Ia menyebut tahap persiapan pembangunan sudah dimulai sejak Rabu (7/6/2023). Salah satunya dengan menggelar upacara ngeruwak atau ritual membuka lahan disertai pembersihan sesuai kepercayaan Hindu di Bali.
“Kemarin sudah dilakukan prosesi ngeruwak, tujuannya agar pembangunan nanti dilancarkan,” ujarnya.
Terkait pembangunan ini, pihaknya telah menyampaikan ke masyarakat bahwa akhir Juni 2023 jembatan Yeh Kajang yang jebol saat banjir bandang pada 17 Oktober 2022.
“Sudah kami umumkan. Kami mohon partisipasi masyarakat. Karena jembatan darurat yang ada sekarang akan dibongkar,” sebutnya.
Dikatakan, jalur lalu lintas yang selama ini terlayani dengan jembatan darurat tersebut untuk sementara dialihkan ke jalan alternatif Desa Baru dan Desa Pinge.
“Jalur alternatif itu bisa dilalui mobil dan motor. Cuma memang jaraknya agak jauh sedikit. Nanti sambil jalan, kami mungkin akan buatkan jembatan khusus untuk pejalan kaki saja,” imbuhnya.
Sementara , Kepala Dinas Pekerjaan Umum, Penataan Ruang, Perumahan, dan Kawasan Permukiman (PUPRPKP) Tabanan I Made Dedi Darmasaputra menyebut pembangunan jembatan Yeh Kajang sudah sampai tahap pre-contract meeting (PCM) atau rapat persiapan kontrak.
“Secara administrasi, surat perintah kerja sudah dikeluarkan pada 6 Juni 2023 kemarin.
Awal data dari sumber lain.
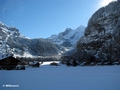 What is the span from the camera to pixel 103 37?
392ft

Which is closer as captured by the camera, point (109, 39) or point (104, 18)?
point (109, 39)

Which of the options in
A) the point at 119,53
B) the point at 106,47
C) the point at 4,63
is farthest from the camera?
the point at 106,47

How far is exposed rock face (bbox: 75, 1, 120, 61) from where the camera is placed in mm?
103125

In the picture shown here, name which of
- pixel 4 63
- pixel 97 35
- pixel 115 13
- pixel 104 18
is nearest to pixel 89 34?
pixel 97 35

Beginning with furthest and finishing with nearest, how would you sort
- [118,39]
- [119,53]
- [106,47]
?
[106,47], [118,39], [119,53]

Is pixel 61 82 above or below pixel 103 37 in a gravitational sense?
below

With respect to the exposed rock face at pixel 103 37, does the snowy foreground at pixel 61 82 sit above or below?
below

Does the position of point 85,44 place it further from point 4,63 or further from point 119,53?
point 4,63

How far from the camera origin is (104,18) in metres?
133

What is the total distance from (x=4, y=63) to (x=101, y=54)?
80.6m

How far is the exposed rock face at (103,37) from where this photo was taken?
338 feet

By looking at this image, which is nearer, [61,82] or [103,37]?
[61,82]

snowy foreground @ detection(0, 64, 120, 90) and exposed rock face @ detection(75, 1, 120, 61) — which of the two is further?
exposed rock face @ detection(75, 1, 120, 61)

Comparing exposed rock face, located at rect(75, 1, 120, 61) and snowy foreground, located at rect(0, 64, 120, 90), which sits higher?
exposed rock face, located at rect(75, 1, 120, 61) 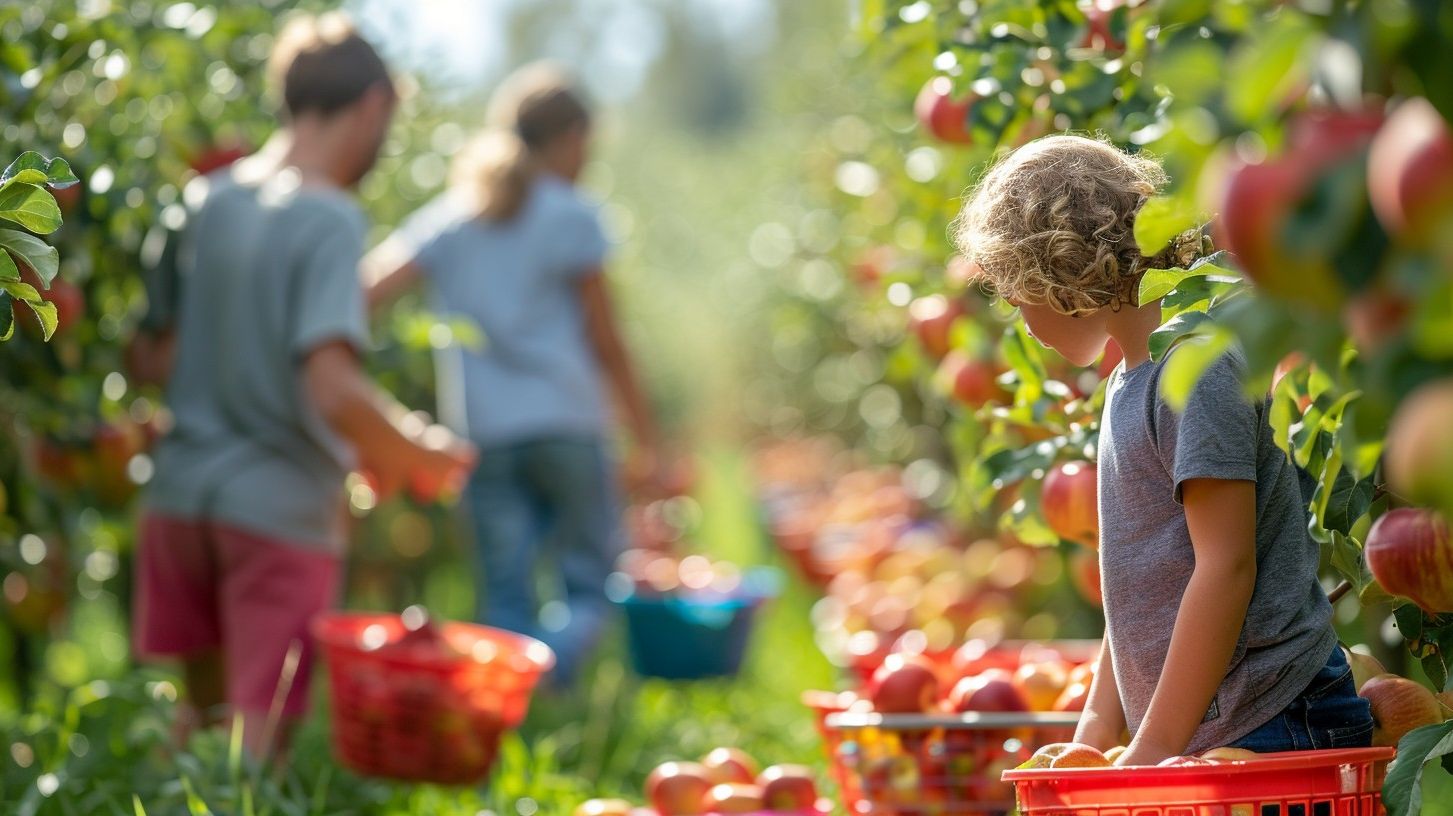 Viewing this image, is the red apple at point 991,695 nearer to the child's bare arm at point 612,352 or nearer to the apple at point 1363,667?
the apple at point 1363,667

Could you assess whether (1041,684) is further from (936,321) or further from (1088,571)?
(936,321)

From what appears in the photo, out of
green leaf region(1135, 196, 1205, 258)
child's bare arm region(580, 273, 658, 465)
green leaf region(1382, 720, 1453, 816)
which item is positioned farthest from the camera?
child's bare arm region(580, 273, 658, 465)

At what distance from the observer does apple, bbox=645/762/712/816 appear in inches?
107

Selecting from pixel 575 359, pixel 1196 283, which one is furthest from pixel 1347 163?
pixel 575 359

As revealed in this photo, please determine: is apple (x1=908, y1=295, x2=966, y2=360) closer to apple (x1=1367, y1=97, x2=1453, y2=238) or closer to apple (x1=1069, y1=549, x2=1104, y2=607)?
apple (x1=1069, y1=549, x2=1104, y2=607)

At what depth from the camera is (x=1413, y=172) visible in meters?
0.84

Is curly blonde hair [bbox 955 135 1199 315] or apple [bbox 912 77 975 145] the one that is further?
apple [bbox 912 77 975 145]

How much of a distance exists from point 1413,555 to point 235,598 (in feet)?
7.51

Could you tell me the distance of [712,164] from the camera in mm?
23641

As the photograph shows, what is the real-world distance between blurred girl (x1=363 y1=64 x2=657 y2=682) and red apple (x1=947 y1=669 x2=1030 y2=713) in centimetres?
215

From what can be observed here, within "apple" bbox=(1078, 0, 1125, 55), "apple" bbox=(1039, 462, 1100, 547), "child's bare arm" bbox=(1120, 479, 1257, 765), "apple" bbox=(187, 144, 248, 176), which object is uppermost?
"apple" bbox=(1078, 0, 1125, 55)

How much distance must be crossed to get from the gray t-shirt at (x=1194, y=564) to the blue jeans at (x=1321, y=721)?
2 centimetres

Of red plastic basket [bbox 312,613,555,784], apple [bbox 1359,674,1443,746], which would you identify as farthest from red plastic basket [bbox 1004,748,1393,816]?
red plastic basket [bbox 312,613,555,784]

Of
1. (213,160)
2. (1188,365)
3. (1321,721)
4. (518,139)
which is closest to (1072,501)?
(1321,721) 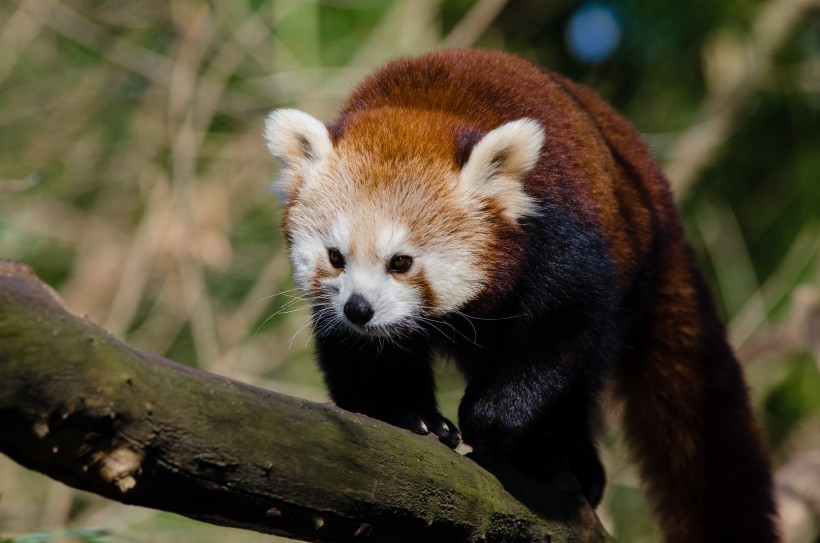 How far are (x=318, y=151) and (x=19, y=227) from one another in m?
3.85

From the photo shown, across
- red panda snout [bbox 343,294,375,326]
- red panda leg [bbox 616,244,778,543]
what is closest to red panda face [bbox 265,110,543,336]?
red panda snout [bbox 343,294,375,326]

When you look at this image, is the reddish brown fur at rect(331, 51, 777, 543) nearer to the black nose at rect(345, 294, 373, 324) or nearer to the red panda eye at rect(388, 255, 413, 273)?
the red panda eye at rect(388, 255, 413, 273)

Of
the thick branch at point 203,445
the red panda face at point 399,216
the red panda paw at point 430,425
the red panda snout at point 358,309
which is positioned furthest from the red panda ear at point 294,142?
the thick branch at point 203,445

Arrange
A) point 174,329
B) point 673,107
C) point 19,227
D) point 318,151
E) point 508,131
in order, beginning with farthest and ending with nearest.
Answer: point 673,107 → point 174,329 → point 19,227 → point 318,151 → point 508,131

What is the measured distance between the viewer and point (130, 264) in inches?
257

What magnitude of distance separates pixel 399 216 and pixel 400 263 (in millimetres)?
158

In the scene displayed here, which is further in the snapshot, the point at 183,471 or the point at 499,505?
the point at 499,505

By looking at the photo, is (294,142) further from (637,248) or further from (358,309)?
(637,248)

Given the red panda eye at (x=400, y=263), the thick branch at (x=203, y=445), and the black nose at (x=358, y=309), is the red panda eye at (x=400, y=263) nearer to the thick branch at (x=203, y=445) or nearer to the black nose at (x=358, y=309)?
the black nose at (x=358, y=309)

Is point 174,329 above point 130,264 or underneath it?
underneath

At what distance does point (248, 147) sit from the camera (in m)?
7.05

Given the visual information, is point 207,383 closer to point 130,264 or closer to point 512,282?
point 512,282

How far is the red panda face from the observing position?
3.12m

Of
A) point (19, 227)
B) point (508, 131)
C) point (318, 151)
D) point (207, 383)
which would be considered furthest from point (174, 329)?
point (207, 383) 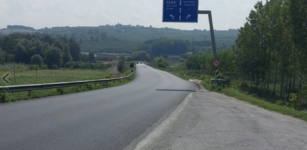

Sekarang kontraktor sedang melakukan persiapan seperti mobilisasi alat-alat kerja. Membersihkan lokasi pengerjaan. Bahkan dari pihak desa sudah melaksanakan ritual ngeruwak,” ungkapnya.
Dijelaskan, pembangunan jembatan Yeh Kajang akan didanai melalui Bantuan Keuangan Khusus (BKK) Provinsi Bali yang nilainya mencapai Rp 11,4 miliar.
“Saat ini sudah mulai pengerjaan,” ucapnya.
Selain di Yeh Kajang, ada empat jembatan lainnya yang turut dibangun di tahun ini. Dari tiga jembatan itu, dua titik di antaranya ada di Kecamatan Kediri yakni jembatan Suralaga-Ganter senilai Rp 8,5 miliar dan jembatan Bajera Pegebegan-Ganter senilai Rp 5,83 miliar.
Dua jembatan lain ada di Kecamatan Marga yakni jembatan Geluntung-Uma Bali senilai Rp 4,5 Miliar dan jembatan gantung menuju subak Guama di Desa Batannyuh senilai Rp 449 Juta.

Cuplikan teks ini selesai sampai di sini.